HDP Kadın Meclisi, partinin yeni dönem mücadele programı çerçevesinde Dersim’in ardından Ankara’da da Alevi Kadın Buluşması düzenledi. HDP Sözcüsü Ebru Günay ile milletvekilleri Filiz Kerestecioğlu ve Gülistan Kılıç Koçyiğit’in katıldığı buluşmanın açılış konuşmasını Günay yaptı.
Günay’ın konuşmasının satır başları şöyle:
Dilimiz, inancımız, kültürümüz ne olursa olsun, dünyanın neresinde olursak olalım, kadınlar olarak bizi bir yapan, bizi buluşturan, yaşamla bağımız olan değerdir kadın dayanışması. Seyit Rıza’yı, onunla birlikte cümle canın davası uğruna canı pahasına direnen Besê’yi ve nice canları saygıyla minnetle anıyorum.
‘EN YAKICI SORUNLARI KADINLAR YAŞIYOR’
Toplumun bizlerden, biz kadınlardan beklentileri var. Çünkü toplum işsizlikle, açlıkla, sömürü, talan, tahakküm ve ayrımcılıkla boğuşurken, ne yazık ki bunun en yakıcı halini de yine kadınlar olarak bizler yaşıyoruz. Dilimiz, kimliğimiz, kültürümüz, neye inandığımız ya da inanmadığımız fark etmeksizin baskıların hedefindeyiz.

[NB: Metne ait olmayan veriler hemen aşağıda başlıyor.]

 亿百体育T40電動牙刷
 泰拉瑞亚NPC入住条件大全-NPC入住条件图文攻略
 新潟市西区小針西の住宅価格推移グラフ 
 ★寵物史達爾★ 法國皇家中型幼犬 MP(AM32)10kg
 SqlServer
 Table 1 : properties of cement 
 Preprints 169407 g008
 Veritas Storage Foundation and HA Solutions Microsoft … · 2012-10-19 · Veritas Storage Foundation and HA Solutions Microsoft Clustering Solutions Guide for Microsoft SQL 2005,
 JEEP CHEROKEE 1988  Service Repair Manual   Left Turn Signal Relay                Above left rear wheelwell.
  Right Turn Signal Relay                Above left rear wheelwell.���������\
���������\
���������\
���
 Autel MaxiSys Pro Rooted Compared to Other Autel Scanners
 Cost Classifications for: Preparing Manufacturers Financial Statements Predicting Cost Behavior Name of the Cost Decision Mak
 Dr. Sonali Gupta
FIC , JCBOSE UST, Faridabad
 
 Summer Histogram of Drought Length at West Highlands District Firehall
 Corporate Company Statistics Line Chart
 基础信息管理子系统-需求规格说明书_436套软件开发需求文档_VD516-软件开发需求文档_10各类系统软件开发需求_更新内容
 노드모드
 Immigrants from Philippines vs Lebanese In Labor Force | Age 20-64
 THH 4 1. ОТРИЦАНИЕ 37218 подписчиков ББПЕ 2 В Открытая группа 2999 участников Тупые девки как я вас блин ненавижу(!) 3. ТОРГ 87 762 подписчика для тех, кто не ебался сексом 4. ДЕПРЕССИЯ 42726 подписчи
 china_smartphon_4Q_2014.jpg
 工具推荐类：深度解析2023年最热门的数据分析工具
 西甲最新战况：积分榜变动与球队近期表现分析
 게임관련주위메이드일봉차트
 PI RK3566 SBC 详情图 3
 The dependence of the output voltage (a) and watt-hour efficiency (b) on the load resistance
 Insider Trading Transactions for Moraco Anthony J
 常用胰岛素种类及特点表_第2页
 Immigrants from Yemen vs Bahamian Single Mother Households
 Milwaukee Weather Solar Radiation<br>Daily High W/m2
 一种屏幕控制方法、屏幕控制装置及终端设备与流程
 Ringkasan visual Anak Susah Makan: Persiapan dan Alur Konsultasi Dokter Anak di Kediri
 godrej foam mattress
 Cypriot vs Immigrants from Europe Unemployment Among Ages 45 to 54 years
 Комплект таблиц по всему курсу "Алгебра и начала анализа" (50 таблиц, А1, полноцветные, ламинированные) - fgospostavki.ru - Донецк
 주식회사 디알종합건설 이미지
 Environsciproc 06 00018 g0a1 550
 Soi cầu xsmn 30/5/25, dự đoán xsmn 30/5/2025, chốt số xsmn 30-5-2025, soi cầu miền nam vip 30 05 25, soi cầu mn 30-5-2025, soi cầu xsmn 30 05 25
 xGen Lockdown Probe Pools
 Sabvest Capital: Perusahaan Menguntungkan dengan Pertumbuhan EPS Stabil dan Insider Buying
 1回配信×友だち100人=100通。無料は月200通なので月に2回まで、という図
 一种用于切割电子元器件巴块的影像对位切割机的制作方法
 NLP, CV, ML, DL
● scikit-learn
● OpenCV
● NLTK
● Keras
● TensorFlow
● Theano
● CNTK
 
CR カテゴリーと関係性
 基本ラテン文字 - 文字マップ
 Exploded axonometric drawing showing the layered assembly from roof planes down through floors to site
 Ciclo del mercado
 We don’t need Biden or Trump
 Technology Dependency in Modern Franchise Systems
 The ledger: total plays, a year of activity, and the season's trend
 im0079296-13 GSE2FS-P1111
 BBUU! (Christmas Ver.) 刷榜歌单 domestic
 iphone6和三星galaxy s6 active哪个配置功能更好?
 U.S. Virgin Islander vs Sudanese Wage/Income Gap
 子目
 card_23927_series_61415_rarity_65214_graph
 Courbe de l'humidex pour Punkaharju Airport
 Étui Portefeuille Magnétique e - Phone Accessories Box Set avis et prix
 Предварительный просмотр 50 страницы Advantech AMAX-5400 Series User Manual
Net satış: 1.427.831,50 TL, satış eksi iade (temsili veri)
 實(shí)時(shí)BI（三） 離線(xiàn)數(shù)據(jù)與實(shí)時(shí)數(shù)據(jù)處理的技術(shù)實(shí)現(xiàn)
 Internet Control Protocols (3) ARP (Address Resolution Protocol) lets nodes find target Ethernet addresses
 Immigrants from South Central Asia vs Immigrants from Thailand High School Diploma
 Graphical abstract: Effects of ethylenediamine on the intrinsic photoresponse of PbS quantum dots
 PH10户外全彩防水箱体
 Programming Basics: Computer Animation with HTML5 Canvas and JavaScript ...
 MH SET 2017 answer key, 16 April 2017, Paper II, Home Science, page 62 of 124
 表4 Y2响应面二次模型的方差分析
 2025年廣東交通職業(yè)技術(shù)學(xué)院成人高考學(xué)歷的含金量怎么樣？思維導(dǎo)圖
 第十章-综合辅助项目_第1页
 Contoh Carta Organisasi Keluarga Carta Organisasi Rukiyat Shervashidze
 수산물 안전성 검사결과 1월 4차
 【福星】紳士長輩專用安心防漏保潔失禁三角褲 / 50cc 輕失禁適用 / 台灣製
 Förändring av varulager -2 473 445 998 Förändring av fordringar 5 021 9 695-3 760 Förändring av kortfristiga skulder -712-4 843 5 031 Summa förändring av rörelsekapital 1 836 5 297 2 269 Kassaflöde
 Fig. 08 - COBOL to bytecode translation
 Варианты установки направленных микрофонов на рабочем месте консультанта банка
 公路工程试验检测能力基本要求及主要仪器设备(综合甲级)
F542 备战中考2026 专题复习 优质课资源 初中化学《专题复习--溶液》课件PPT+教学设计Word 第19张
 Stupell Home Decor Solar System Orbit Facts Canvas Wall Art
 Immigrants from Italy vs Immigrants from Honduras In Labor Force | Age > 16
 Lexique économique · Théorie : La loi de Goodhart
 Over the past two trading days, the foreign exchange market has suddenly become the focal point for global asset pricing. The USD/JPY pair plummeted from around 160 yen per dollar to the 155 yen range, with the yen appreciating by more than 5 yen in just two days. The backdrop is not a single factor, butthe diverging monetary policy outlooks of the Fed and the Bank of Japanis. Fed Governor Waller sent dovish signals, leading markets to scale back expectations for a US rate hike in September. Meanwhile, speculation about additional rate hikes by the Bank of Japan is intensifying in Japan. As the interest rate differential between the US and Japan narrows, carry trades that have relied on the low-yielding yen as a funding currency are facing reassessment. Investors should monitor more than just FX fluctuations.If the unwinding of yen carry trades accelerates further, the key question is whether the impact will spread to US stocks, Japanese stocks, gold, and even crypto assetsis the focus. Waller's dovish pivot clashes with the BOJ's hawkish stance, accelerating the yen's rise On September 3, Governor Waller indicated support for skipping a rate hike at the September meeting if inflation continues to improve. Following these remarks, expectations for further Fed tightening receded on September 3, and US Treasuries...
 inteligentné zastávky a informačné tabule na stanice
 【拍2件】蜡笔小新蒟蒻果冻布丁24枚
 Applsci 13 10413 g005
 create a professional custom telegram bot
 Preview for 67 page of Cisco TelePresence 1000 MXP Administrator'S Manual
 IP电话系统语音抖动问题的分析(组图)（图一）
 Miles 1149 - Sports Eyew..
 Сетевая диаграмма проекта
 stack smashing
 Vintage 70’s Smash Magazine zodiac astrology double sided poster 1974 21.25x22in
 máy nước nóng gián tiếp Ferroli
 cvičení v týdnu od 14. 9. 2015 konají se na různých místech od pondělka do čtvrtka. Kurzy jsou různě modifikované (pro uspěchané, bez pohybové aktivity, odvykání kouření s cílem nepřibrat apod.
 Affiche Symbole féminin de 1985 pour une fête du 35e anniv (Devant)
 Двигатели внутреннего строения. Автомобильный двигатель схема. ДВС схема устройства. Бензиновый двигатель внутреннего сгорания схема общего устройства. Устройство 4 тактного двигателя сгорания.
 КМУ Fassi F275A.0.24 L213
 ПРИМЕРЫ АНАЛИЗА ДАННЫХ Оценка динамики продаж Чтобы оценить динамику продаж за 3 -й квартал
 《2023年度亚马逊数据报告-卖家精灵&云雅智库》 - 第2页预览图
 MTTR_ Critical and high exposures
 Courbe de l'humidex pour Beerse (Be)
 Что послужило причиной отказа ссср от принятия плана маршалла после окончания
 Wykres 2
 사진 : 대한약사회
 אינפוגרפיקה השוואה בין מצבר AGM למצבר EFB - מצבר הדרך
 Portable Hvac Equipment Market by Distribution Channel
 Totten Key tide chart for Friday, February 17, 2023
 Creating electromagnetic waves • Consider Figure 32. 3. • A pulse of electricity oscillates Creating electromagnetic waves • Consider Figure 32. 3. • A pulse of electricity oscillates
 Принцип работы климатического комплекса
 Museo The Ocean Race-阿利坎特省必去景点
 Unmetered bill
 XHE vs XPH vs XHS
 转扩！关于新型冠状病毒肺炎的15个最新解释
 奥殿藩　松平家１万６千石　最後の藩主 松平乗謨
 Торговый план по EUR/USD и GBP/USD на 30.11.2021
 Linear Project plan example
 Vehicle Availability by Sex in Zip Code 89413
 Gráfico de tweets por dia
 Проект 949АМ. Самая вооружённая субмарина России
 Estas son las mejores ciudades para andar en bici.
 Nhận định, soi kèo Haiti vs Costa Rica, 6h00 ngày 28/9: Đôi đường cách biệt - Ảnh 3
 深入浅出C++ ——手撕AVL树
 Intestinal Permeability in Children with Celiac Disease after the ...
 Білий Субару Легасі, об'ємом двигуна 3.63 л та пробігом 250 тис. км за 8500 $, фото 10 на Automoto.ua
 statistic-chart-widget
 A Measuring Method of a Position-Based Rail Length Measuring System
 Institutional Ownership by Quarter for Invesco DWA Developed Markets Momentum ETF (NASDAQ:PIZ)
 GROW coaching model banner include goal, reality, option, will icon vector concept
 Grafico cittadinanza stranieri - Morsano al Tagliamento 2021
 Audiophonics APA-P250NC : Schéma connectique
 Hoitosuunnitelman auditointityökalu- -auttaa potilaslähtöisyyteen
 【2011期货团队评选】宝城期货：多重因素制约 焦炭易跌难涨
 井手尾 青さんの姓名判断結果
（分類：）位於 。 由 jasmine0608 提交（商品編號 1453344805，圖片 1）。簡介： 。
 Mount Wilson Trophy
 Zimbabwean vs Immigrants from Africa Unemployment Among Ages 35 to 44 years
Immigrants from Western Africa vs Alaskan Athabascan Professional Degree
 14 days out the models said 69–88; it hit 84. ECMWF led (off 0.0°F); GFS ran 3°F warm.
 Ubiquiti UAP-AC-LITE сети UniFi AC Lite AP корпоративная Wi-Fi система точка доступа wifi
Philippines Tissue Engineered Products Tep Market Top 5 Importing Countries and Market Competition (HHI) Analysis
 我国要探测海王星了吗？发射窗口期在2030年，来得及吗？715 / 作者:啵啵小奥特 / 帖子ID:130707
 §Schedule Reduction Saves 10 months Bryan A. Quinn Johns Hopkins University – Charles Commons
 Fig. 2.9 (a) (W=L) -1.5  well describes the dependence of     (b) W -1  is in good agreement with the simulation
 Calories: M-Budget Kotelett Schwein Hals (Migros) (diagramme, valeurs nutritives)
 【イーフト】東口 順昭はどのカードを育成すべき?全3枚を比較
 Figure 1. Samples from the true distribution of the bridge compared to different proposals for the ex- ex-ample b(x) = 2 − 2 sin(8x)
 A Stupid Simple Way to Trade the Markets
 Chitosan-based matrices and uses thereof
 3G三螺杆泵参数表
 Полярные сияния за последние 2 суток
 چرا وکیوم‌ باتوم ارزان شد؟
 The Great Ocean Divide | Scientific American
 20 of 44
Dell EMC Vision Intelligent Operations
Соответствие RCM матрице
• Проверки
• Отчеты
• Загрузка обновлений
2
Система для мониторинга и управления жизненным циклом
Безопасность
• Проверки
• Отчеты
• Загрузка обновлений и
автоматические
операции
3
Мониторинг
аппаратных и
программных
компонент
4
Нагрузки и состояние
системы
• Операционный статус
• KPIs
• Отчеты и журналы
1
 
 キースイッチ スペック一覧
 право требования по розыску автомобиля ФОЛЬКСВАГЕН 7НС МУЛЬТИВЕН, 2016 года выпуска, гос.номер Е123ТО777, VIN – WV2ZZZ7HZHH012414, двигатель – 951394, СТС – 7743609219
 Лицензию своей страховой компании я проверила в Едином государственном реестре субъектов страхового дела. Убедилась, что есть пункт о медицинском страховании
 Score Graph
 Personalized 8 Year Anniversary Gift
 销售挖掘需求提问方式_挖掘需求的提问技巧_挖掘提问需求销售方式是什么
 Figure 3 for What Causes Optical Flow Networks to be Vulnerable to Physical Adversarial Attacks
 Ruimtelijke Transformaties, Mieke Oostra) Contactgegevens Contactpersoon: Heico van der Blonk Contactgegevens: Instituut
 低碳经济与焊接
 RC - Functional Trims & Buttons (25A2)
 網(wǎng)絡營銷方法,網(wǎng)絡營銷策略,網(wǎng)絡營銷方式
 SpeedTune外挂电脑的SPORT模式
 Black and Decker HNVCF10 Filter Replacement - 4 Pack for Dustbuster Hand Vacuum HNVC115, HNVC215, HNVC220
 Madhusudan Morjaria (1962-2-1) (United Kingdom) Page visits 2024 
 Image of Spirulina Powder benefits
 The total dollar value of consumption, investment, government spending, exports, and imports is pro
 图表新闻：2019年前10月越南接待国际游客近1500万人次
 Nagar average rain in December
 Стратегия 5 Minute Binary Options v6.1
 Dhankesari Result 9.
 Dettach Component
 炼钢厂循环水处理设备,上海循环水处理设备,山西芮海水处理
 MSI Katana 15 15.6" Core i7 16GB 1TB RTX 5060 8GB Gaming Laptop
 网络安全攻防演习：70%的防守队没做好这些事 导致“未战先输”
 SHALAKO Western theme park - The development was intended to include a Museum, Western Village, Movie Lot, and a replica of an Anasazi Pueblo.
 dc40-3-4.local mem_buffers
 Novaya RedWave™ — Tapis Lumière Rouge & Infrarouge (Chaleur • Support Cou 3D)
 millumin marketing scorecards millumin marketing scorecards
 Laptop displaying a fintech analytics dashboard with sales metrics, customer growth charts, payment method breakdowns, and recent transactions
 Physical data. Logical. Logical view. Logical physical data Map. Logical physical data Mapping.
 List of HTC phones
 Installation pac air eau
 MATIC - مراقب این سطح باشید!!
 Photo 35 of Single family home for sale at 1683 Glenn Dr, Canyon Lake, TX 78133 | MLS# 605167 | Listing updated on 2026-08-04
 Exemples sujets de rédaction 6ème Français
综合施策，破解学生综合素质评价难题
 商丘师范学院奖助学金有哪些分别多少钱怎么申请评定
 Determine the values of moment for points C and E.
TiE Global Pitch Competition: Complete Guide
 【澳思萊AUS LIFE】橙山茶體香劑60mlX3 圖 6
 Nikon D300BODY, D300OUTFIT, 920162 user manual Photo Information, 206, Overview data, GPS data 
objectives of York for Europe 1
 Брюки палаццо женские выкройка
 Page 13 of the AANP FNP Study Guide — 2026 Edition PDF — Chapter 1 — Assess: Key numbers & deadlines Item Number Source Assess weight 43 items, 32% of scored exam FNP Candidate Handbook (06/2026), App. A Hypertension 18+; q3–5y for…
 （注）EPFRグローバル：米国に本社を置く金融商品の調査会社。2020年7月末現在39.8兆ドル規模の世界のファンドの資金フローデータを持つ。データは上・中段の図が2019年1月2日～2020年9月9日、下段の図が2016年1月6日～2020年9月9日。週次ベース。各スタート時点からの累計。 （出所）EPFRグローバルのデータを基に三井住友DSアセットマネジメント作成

Cinsiyetimiz, cinsel yönelimimiz, hayat tarzımız, giyim kuşamımız, tercihlerimiz üzerinde tahakküm kurmaya çalışan bu iktidar bizleri evlere hapsedip erkek egemen bir toplum inşa etmeye çalışmakta. Çünkü bu ülkeyi yönetenler, kadınlara düşmanca yaklaşıyor. Bu iktidar kadınların şiddete, baskıya, ölümlere, katliamlara maruz kalmasına sebep olan, bu suçları işleyen erkekleri cezasız bırakan ve koruyan bir anlayışa sahip.
Dünyanın her yerinde süren kadın isyanının parçasıyız.
İktidar şimdiye kadar, tekeline aldığı medyadan tutun eğitim alanına, Diyanet’ten tutun yargıya kadar kadına karşı her türlü şiddeti kışkırtan bir siyasal dil kurdu. İktidar tüm pratiklerini bu düşmanca yaklaşım üzerinden hayata geçirdi. Ama şu an açığa çıkan şey, kadınların direnişi tam da bu politikaların hayat bulmadığını gösteriyor. Kadınlar her türlü saldırı ve engellemeye rağmen bir araya gelmeyi başardı, itirazını dile getirdi, boyun eğmedi ve sokaklarda direnen öncüler oldu. Gerçekten de 21. yüzyılın durmaksızın direnen öncü gücü kadınlar oldu.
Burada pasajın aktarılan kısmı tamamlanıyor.